#### Data:
>>>>

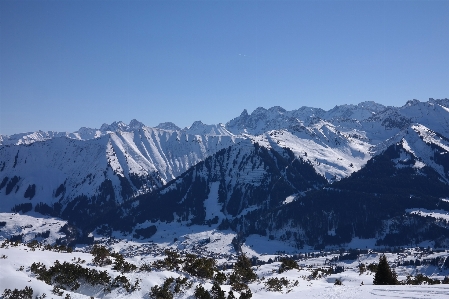 Foto All'aperto montagna nevicare inverno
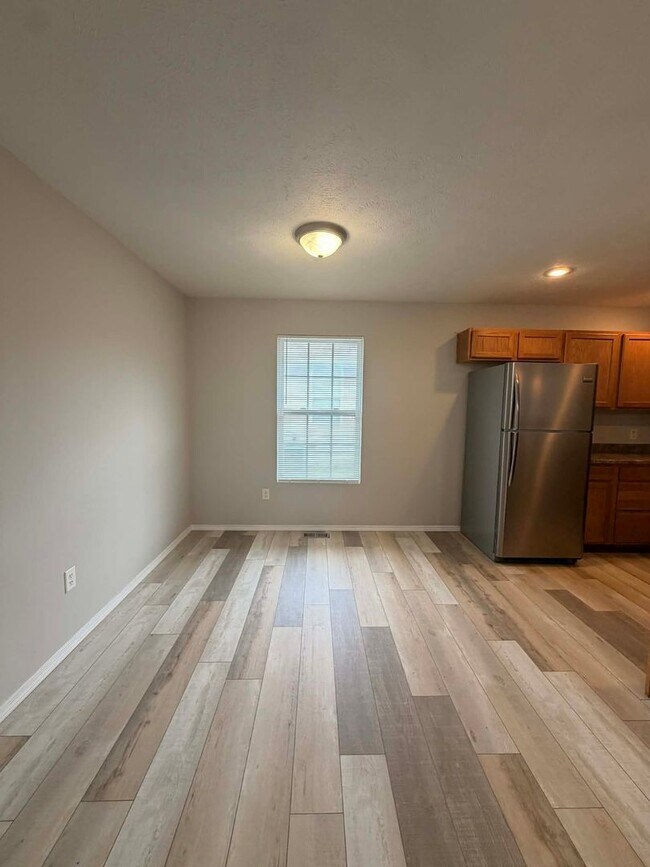 Foto del edificio - BEAUTIFUL 3 BEDROOM / 2 BATHROOM HOUSE IN JOPLIN MO- 2 CAR GARAGE!!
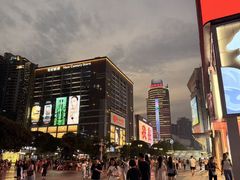 -观音桥步行街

<<<<

#### About this exercise:
Please copy the data above word for word, but only from the line that contains "Foto del edificio" through the final line, both included, and without the pictures.

#### Answer to this task:
 Foto del edificio - BEAUTIFUL 3 BEDROOM / 2 BATHROOM HOUSE IN JOPLIN MO- 2 CAR GARAGE!!
 -观音桥步行街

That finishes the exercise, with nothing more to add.